Job 38-42 A STORMY DAY

A STORMY DAY

 

Job 38-42

 

Taught by:  Pastor Carolyn Sissom

 

Tuesday, March 23, 2010

   

38:1 “Then the Lord answered Job out of the storm.”

  

The Lord’s theme is Himself.

  

Throughout the trial of Job’s faith, he has cried out for the Lord to speak to him.  The Lord’s first discourse to Job (38: 1-40:5) shows that creation proclaims God’s Omnipotence.  The Lord spoke “out of the whirlwind,” a frequent setting for a theophany. 

  

38: 4-7:  describes original creation, and antedates the entrance of sin into a sinless universe.  God is Creator of the sea (8-11); and of time (38: 12-15).  He is Master of the deep, light, darkness, snow, hail, lightning, constellations, clouds and mist (38: 16-18).  God is the Creator and Protector of animals 38:39-39:30).

  

40: 1-5:  This begins God’s second discourse to Job and contrasts God’s power and man’s frailty.  Job was silenced as a contender and faultfinder with God, but not as a sinner; so the Divine controversy is renewed.  Job’s second reply to God solves the problem of his suffering.  (42:1-6):

  

AFFLICTION IS GOD PERMITTED TO REFINE MAN SO THAT HE MAY SEE GOD IN ALL HIS GREATNESS AND SPLENDOR, AND SEE HIMSELF IN HIS DESPICABLENESS AND SIN TO THE INTENT THAT MAN MAY REPENT OF HIS PRIDE IN “dust and ashes.” 

  

42: 1-6: Then Job replied to the Lord:  I know that you can do all things; no plan of yours can be thwarted.  You asked, ‘Who is this that obscures my counsel without knowledge?’ Surely I spoke of things I did not understand, things too wonderful for me to know.  You said, “Listen now, and I will speak; I will question you, and you shall answer me.”  My ears have heard of you, but now my eyes have seen you.  Therefore I despise myself and repent in dust and ashes.”

  

God alone confronted and faced Job alone.  This is the principle of Gen. 32:24-32 and the meeting of Jacob with God, face to face.  Jacob became ISRAEL, THE PREVAILER AND OVRCOMER.  It is only in the Third dimension of the most Holy Place are we transformed and changed. (Matt. 17; 11 Cor. 3:18).

  

Rom 12: 1-2: “Therefore, I urge you brothers, in view of God’s mercy to offer your bodies as living sacrifices, holy and pleasing to God---this is your spiritual act of worship.  Do not conform any longer to the pattern of this world, but be transformed by the renewing of your mind.  Then you will be able to test and approve what God’s will is---his good, pleasing and perfect will.”

  

11 Cor. 3:18:  And we, who with unveiled faces all reflect the Lord’s glory, are being transformed into his likeness with ever-increasing glory, which comes from the Lord, who is the Spirit.”

  

Neither the three friends (30-fold Outer Court) nor Elihu (60-fold, the Holy Place) met with God in this realm.  Elihu had the Baptism of the Holy Spirit and was walking with the Lord through the Holy Place.  He had gifts of the Holy Spirit, but still had a mixture of flesh and Spirit.  A man cannot understand or speak of truths relating to the Feast of Tabernacles (Most Holy Place) realm with a Feast of Pentecost (Holy Place) frame of mind.  You cannot put new wine in an old bottle (Lk. 5: 37-39). 

  

God’s WORD and VOICE did not speak to or address the others.  This revelation of Himself was for Job!

  

God’s speeches are certainly not what Job expected.  He had requested either a bill of indictment, with specific charges that he is prepared to answer, or else a verdict from his Judge, which he confidently expects to be a declaration of his innocence---neither is forthcoming.  God does not always give the answer we want!  We have to know how to ask the right questions, to get the right answers. 

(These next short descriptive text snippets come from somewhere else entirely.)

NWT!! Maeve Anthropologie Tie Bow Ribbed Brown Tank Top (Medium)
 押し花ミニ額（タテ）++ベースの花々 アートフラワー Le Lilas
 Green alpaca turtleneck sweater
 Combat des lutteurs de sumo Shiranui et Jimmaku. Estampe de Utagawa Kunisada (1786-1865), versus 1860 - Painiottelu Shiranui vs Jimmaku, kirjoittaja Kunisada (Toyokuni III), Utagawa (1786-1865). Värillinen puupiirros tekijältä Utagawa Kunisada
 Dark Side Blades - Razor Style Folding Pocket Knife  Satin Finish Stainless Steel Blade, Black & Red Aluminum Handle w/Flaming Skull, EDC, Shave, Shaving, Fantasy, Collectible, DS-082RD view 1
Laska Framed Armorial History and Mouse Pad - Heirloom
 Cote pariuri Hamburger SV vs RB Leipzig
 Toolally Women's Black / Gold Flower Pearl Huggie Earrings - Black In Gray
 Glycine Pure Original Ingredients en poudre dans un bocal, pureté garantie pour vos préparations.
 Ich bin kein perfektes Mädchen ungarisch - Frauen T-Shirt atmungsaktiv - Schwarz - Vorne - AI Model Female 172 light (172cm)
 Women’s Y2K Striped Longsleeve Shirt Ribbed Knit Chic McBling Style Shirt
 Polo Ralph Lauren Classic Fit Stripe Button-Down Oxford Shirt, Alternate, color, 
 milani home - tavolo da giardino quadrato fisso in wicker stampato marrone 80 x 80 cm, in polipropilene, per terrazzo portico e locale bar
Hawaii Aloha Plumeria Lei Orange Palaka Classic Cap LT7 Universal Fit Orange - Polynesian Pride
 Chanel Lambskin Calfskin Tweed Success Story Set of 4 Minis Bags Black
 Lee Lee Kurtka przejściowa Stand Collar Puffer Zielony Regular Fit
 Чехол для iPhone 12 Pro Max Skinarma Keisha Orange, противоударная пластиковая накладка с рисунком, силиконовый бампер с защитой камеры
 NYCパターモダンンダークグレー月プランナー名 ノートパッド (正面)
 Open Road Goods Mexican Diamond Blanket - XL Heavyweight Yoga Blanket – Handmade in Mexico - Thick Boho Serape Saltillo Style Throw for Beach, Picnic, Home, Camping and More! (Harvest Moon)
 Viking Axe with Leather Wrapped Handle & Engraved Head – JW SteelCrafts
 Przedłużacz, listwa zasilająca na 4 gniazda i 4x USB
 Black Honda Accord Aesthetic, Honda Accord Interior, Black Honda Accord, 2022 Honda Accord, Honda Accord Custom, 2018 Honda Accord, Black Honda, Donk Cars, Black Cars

  Neither do these two lengthy recitals make reply to the questions that have tormented Job and which his friends have failed to answer.  He answers Job’s questions with a deluge of counter-questions.  This is the same way the Lord responded to the questions of the Pharisees.   The very fact that God does not come forward (as the friends did) with a list of Job’s sins is in itself sufficient proof that this was not needed.  That God speaks at all is enough for Job!   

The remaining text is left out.